The company has seen demand for wide-legged and skinny jeans hold up - a trend in line with
rivals such as Abercrombie & Fitch ( ANF ) and Gap - despite shoppers being selective in
spending on discretionary items.
The retailer posted a 3% rise in reported quarterly revenue from continuing operations to
$1.53 billion, which excluded sales from its Dockers brand. Analysts, on average, were expecting
a 1% drop to $1.54 billion, as per data compiled by LSEG.
Gross margin increased 330 basis points to 62.1% for the three months ended March 2, from
58.8% last year, driven by lower product costs and a strong direct-to-consumer channel.

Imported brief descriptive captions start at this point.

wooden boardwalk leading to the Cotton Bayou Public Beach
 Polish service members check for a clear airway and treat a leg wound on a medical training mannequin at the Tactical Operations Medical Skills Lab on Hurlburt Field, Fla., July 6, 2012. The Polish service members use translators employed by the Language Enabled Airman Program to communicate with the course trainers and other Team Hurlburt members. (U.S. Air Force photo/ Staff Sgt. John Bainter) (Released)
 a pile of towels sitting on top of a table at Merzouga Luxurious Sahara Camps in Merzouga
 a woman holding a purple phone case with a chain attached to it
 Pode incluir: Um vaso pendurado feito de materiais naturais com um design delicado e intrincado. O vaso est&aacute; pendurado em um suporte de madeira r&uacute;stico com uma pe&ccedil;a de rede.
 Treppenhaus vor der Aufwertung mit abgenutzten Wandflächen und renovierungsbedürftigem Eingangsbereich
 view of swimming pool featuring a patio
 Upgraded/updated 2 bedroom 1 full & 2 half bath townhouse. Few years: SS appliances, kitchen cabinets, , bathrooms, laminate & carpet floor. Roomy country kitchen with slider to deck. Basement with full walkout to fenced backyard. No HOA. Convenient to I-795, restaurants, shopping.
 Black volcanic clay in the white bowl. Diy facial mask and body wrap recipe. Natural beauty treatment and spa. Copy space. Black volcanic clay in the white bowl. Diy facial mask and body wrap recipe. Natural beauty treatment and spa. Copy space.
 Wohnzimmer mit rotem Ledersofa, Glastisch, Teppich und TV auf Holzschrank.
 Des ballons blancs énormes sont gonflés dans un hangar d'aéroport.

As part of its plan to streamline operations, Levi said last October it was exploring a sale
of Dockers, which has seen demand struggle.
"While we recognize that we are operating in an uncertain environment, our global footprint,
strong margin structure, and agile supply chain position us to navigate the balance of the year
and beyond," said Levi Strauss CEO Michelle Gass.
The company maintained its fiscal 2025 organic net revenue and profit forecasts, which did
not include any impact from recently announced tariffs and excluded revenues from Dockers.